DARKSYDE said:
Is our galaxy receding near the speed of light to an observer at the edge of our observable universe?
phinds said:
No, it is receding at 3 times the speed of light.
Darksyde, you may need some background concepts otherwise you could find the information confusing.
There's the idea of PROPER distance at some specified moment which is the distance you'd measure if you could freeze the universe right at that moment, stop the expansion process, so you could measure in some conventional way like radar without the distances changing while you were measuring. Sometimes that present value of that distance is called the "NOW distance" or "current distance" to something.
Many of us use that concept of distance consistently or almost always.
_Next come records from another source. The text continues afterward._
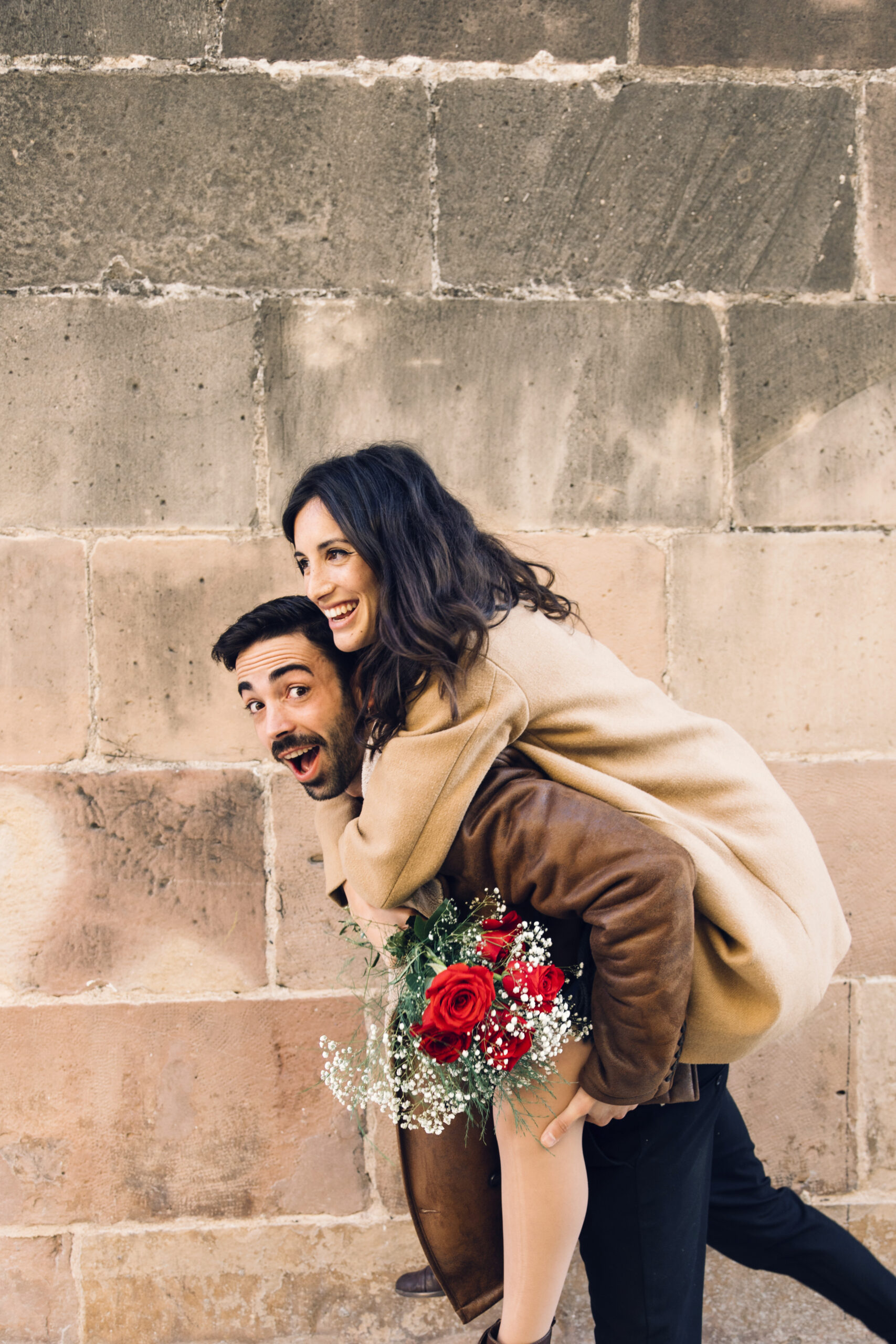 cheerful-man-carrying-woman-back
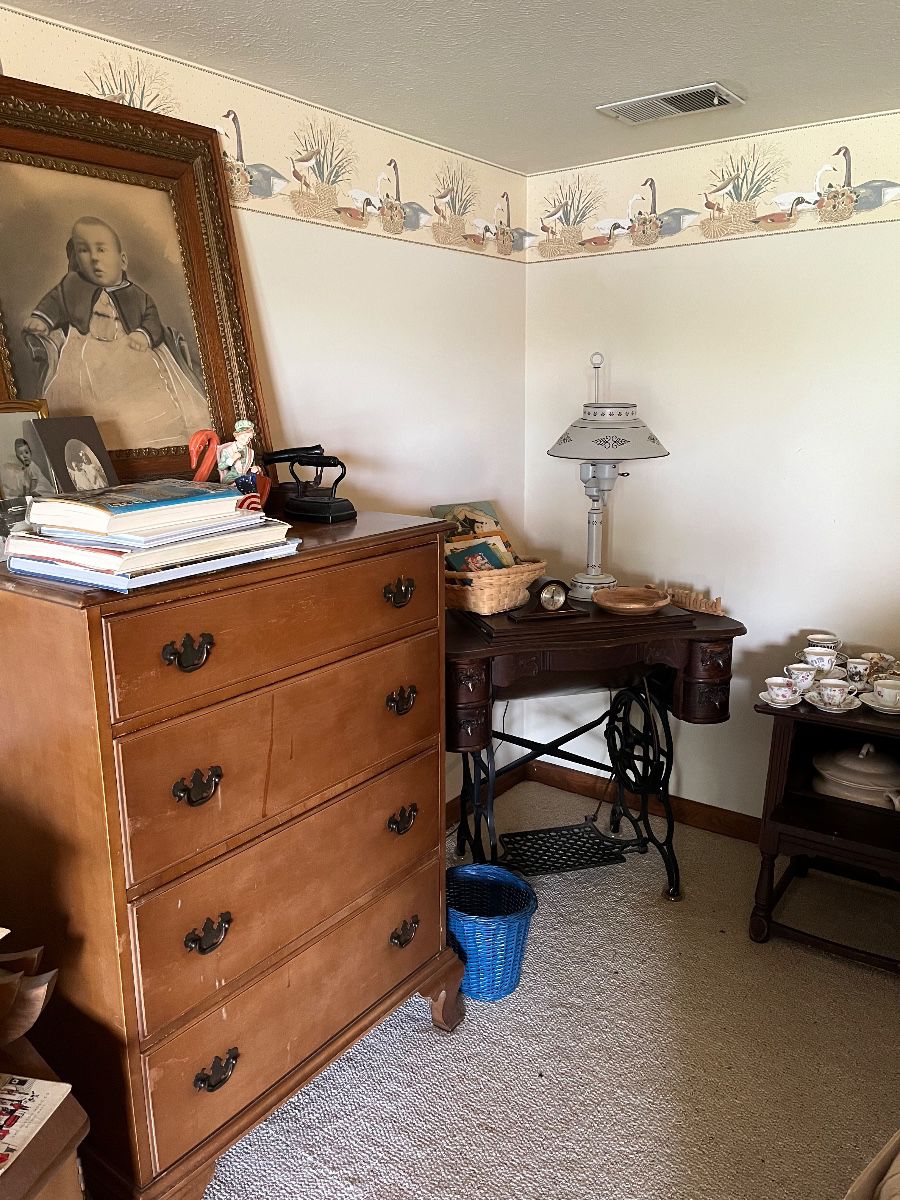 antique sewing machine, dresser, chamber pot with cabinet, tea sets, pic frames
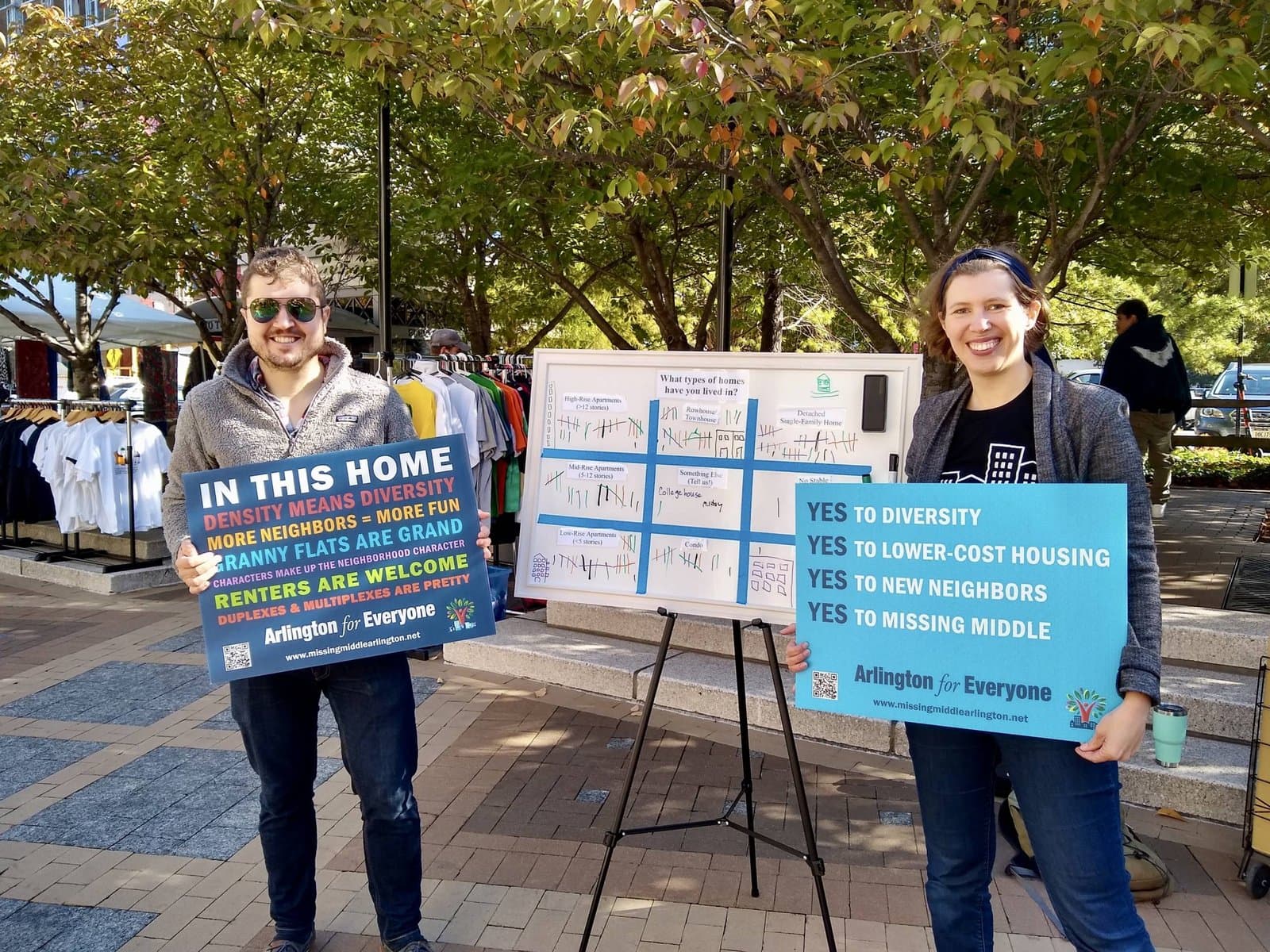 Two Arlington for Everyone volunteers tabling at a street fair with signs reading Yes to missing middle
Unless otherwise specified like by saying angular-size-distance or luminosity-distance or whatever. Technically those are different. I almost always mean proper distance.
The farthest matter we can see is the matter which gave off the ancient light called the CMB (cosmic microwave background). When we use an antenna to study that light we are seeing that matter. IT IS NOW ABOUT 46 BILLION LIGHTYEARS AWAY. Because of the expansion of distances while the light was traveling to us.
So that effectively marks the EDGE of the currently observable universe---the farthest stuff we can see. We see it as it was when it was still hot gas and had not cooled and condensed into galaxies and stuff.
THE DISTANCE TO THAT MATTER IS INCREASING AT ABOUT THREE TIMES the speed of light.
You might want to get some hands-on experience with the standard cosmo model, so you don't just have people telling you stuff. There is a very good online calculator by a PF member named Jorrie, who posts here occasionally.
The only problem is it tells you too much. You have to focus and just look at the numbers that matter to you and ignore the rest. You might want to try it though.
http://www.einsteins-theory-of-relativity-4engineers.com/cosmocalc_2010.htm
Just go there and press the "calculate" button. He already has it set up to give you roughly the distance to the edge of the observable, and the recession speed of matter at that edge.
It will say something like
Proper distance now = 46000 Mly
Proper recession speed now = 3c
Just look at those two numbers, in those two boxes, and ignore the rest.
Then you can put in a different number for
Redshift of source now
and press "calculate" button again.
That is the key thing, try varying the redshift of source. He has it set to 1088 for starters because that is a good estimate of the redshift of the ancient light coming from the edge of what we can currently observe. Its waves have been stretched out by a factor of around 1100. That is why it is microwaves now, instead of the visible light and heat-glow of hot gas (which it used to be when it started out.)
But put in something else instead of 1088. Say you heard a supernova was observed and the redshift was 2. Put a 2 into the box labeled Redshift of source, and press calculate.
That will tell how far away the supernova is, and how rapidly the distance to it is now expanding.